動脈硬化の進行をスローダウンさせるためのアドバイス例
◆会食が多い人に対しては、飲食物の量・頻度・順番の微調整を提案
(例:アルコール上限〇杯/週、肉と魚の配分 など)
◆軽い運動でも十分。まずは1日20~30分の歩行から
※面談では、検査結果の説明→個別リスクの説明→「今日からできる3アクション」の順でわかりやすく説明する

 

アクセスは軽やかに 段取りはスマートに

 長年自分の体から目を背けてきた人にとって、人間ドックは敷居が高いかもしれない。そういう人にこそ立地やラグジュアリーな雰囲気が受診の理由になるものだ。

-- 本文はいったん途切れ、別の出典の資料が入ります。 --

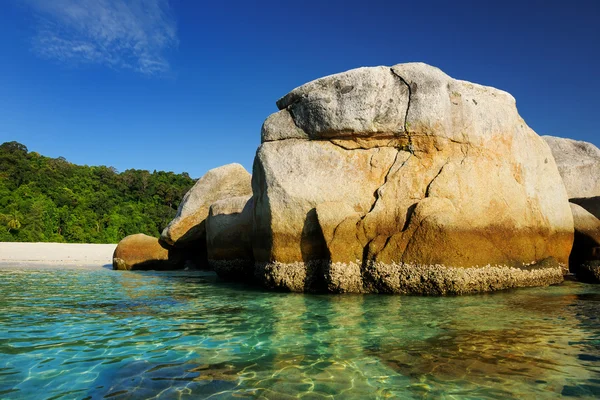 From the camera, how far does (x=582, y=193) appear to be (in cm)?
1278

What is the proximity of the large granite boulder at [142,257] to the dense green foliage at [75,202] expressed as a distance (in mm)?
17533

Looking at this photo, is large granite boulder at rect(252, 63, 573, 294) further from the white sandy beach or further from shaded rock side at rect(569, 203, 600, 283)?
the white sandy beach

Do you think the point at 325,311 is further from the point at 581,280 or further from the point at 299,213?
the point at 581,280

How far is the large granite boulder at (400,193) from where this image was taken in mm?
7715

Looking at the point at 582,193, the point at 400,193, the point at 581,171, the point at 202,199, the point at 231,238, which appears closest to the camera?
the point at 400,193

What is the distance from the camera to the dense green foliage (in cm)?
3081

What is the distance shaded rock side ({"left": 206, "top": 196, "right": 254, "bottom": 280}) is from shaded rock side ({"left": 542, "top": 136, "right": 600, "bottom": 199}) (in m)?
9.18

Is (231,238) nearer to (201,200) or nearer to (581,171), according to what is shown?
(201,200)

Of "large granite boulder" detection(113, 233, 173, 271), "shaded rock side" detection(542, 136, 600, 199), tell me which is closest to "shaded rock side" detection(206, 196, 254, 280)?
"large granite boulder" detection(113, 233, 173, 271)

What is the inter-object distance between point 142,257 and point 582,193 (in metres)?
14.5

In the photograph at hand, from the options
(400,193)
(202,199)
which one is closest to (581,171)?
(400,193)

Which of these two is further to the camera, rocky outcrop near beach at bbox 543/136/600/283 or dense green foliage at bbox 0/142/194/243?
dense green foliage at bbox 0/142/194/243

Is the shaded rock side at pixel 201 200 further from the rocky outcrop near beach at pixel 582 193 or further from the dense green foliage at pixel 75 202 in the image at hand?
the dense green foliage at pixel 75 202

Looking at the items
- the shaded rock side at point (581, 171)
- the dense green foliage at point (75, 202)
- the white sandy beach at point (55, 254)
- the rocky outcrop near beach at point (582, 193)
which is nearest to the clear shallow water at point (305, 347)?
the rocky outcrop near beach at point (582, 193) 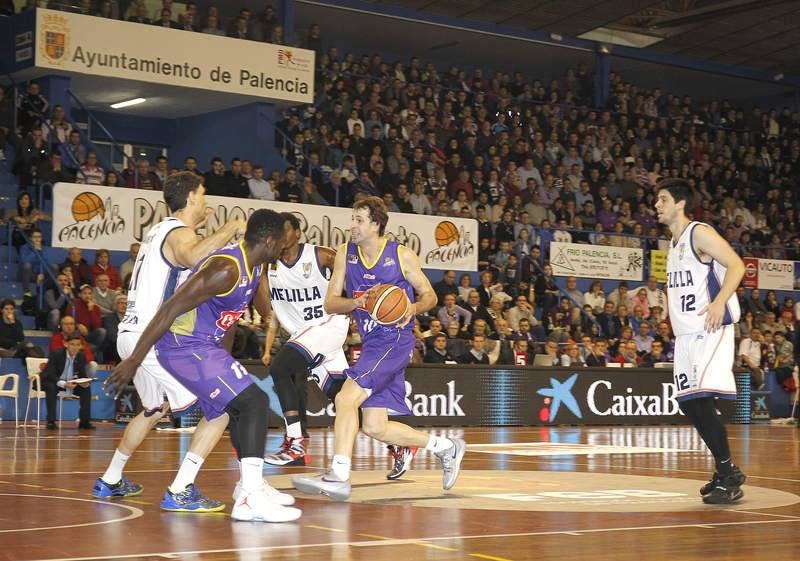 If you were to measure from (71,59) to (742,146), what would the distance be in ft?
68.8

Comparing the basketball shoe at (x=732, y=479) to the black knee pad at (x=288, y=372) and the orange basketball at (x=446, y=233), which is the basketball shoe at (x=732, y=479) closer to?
the black knee pad at (x=288, y=372)

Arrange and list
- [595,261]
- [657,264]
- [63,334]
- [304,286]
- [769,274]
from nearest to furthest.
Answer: [304,286] → [63,334] → [595,261] → [657,264] → [769,274]

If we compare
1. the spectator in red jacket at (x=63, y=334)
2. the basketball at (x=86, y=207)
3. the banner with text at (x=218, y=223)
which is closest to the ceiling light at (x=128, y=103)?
the banner with text at (x=218, y=223)

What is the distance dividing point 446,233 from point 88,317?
7.93 metres

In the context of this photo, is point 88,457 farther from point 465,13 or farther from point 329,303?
point 465,13

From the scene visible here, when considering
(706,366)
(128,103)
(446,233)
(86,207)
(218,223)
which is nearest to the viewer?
(706,366)

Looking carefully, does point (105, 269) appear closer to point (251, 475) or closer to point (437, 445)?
point (437, 445)

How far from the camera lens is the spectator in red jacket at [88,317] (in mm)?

 「家族で一緒に受診できるので家族イベントとして、また地方から来て東京観光の一つとしてなど、あらゆる理由付けが可能です」(大亀院長)

 同クリニックは都心ホテル内の立地とプライベート導線により、通常2日ほど要する検査を6~8時間に集約。当日中の医師との面談で次の予定まで決めることで、家族での受診や地方からの来訪でもスケジュールに組み込みやすいのがポイントだ。

人生はこれからも続く物語 人間ドックは健康の現在地

 大亀院長は「富裕層の中でも特に経営者は、自分の人生以外にもさまざまな人の人生を背負っています。われわれは、そんな人生の物語をつくっていくサポートをすることが役目だと思って検診にあたっています」と話す。

 経営者の健康は、金銭的な価値で測れない「見えない資本」となる。人間ドックの最後に行われる医師からの説明は、賃貸経営に例えればまさに大規模修繕の計画だ。

 「現在の状態、取り得る選択肢、期待できる変化の幅を、約1時間の面談で丁寧に共有します。次回のドックは1年後か半年後かなど、結果に基づいて提案。小さなメンテナンスの積み重ねが、長期的なパフォーマンスを支えます」(大亀院長)

 これから先の人生の長さや質はメンテナンス次第。もたらす効果は絶大だ。

検査結果を将来に生かす「先制ケア」
 ザ・ペニンシュラ東京内にあり、プライベート導線により検査から面談まで一日完結型のプレミアム人間ドック。治療ではなく「先制ケア」という新しい概念を提案し、検査結果を個別の将来リスクとアクションプランへつなぐ。画像診断を中心に、必要に応じて追加検査・専門医連携まで伴走する。人間ドックで検査項目が最も多い「COMPLETEDコース」は会員価格で約50万円ほど。
 健康で若々しい体と思考力で経営したい人向けの特別なサービスとなっている。
※一部の先端医療プログラム(再生医療、血液浄化など)は自由診療。適応・安全性・費用・リスクについては事前に十分な説明と同意確認を行い、関連法令・指針に基づき提供する

▲体内の断面画像を撮影するMRI検査

 

解説

ザ・プリベンションクリニック東京(東京都千代田区)
医学博士/消化器外科
大亀浩久 院長

日本大学医学部卒業。大学病院・基幹病院で臨床と手術に従事し、日本大学医学部消化器外科外来医長、津田沼中央総合病院外科医長を歴任。2019年以降はがん免疫療法と再発予防に注力し、予防から治療までを橋渡ししている。